Typically ad hoc networks do not have a proper infrastructure and the routing is done only through the base stations which are connecting a wired and wireless network. Does quantum cryptography protocols and QKD provide a better security for such ad hoc networks.?
There are, however, several drawbacks for practical use in a wired setting of QKD (required hardware and their vulnerability to hacks, limited distance which does not support end-to-end confidentiality over longer distances. Consequently, it is required to run QKD between single hops and thus re-encryption is required and the plaintext is revealed to the intermediate hops). For the latter, nevertheless, there are some ideas to overcome this problem.
In the non-wired setting as it is the case for MANETs, however, it is very questionable if QKD could bring any benefit. This is due to required hardware (presumably not available at the nodes) and the missing fiber optic links. Regarding the latter issue, there are some studies with single photon sources doing QKD at night over the air - presumably far away from civilisation - and at a very low bit rate, but that seems rather esoteric at the moment.
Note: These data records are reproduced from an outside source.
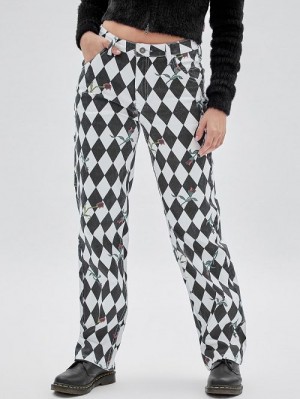 Guess Originals Diamond Carpenter Jeans Negrii | GUESS-SN26537
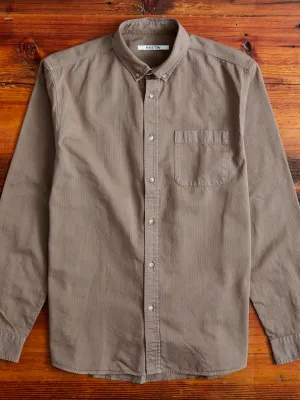 Raeburn Button Down Shirt in Putty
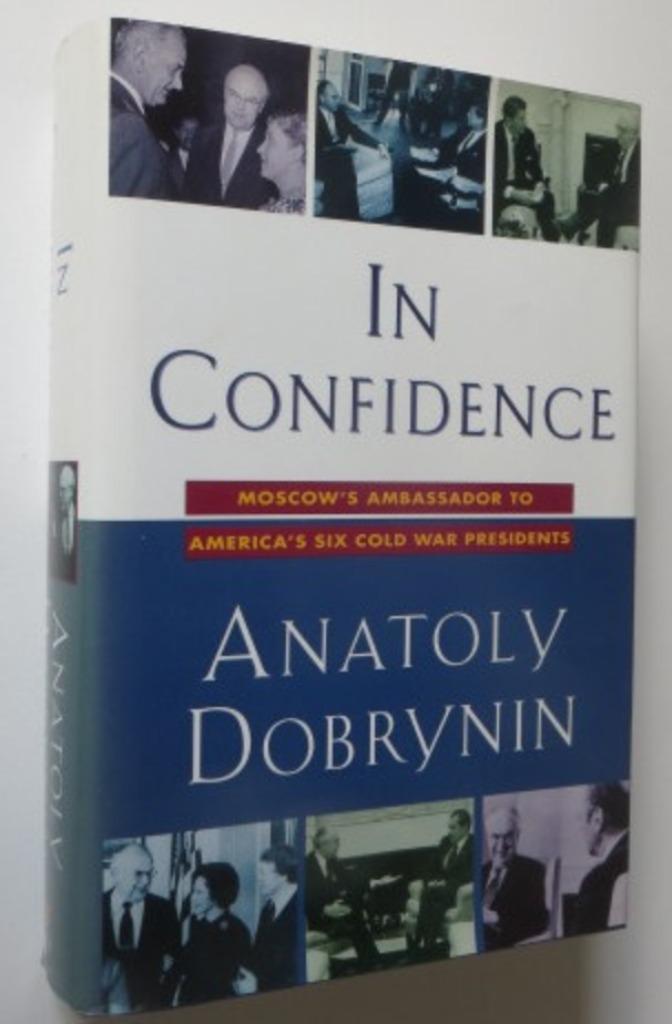 Anatoly Dobrynin: In Confidence. Moscow’s Ambassador, Boeken, Taal | Engels, Nieuw, Non-fictie, Ophalen of Verzenden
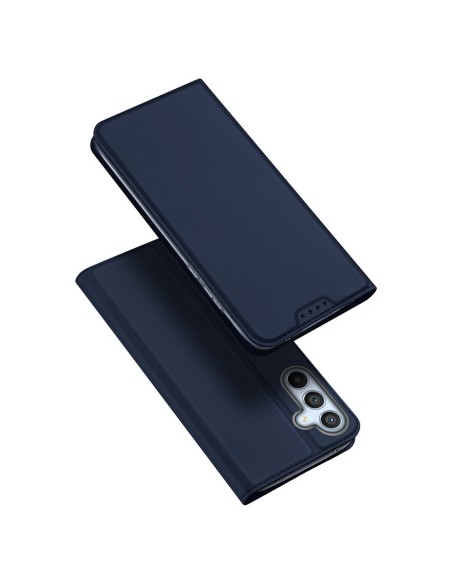 Dux Ducis Skin Pro dėklas, skirtas Samsung Galaxy A54 5G atverčiamas dangtelis kortelės piniginės stovas mėlynas Dux Ducis Skin Pro dėklas, skirtas Samsung Galaxy A54 5G atverčiamas dangtelis kortelės piniginės stovas mėlynas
Edit: As Frédèric pointed out in his comment, over the air QKD is not that esoteric as I assumed, since there are works, e.g., this one, demonstrating feasability of over the air QKD at daylight.
The most important issue from my perspective, however, in a MANET setting is due to missing infrastructure. With whom you want to exchange keys using QKD? Presumably, you do not trust your neighbours and then it makes no sense to exchange keys with them using QKD, since the respective node could read your messages. If you want to encrypt something for some far away party and therefore require end-to-end confidentiality, then you will very likely not be able to exchange a key using QKD with this party. So why using QKD in such a setting (besides the above mentioned problems)? Then you could pre-distribute key material, but using OTPs will be impractical due to the large key material required. So you will very likely drop the perfect secrecy requirement and come back to traditional (secret key or public key) encryption schemes.